*** Dataset content ***

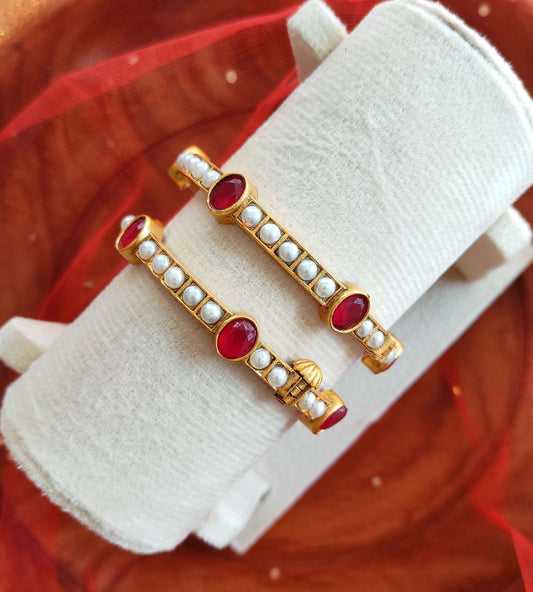 Antique gold bangles with screw opening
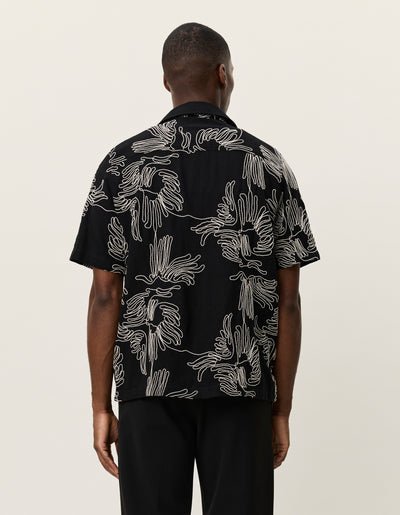 LES DEUX - Liam AOE Flower SS Shirt Noir - Lothaire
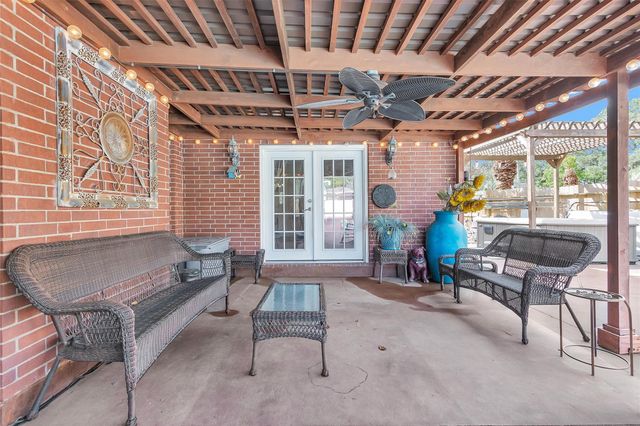 303 Beaumont Drive, Magnolia, TX 77354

*** End of Dataset content ***

The listing above is to be written out again exactly, with its pictures omitted.

**Reply to the task:**
 Antique gold bangles with screw opening
 LES DEUX - Liam AOE Flower SS Shirt Noir - Lothaire
 303 Beaumont Drive, Magnolia, TX 77354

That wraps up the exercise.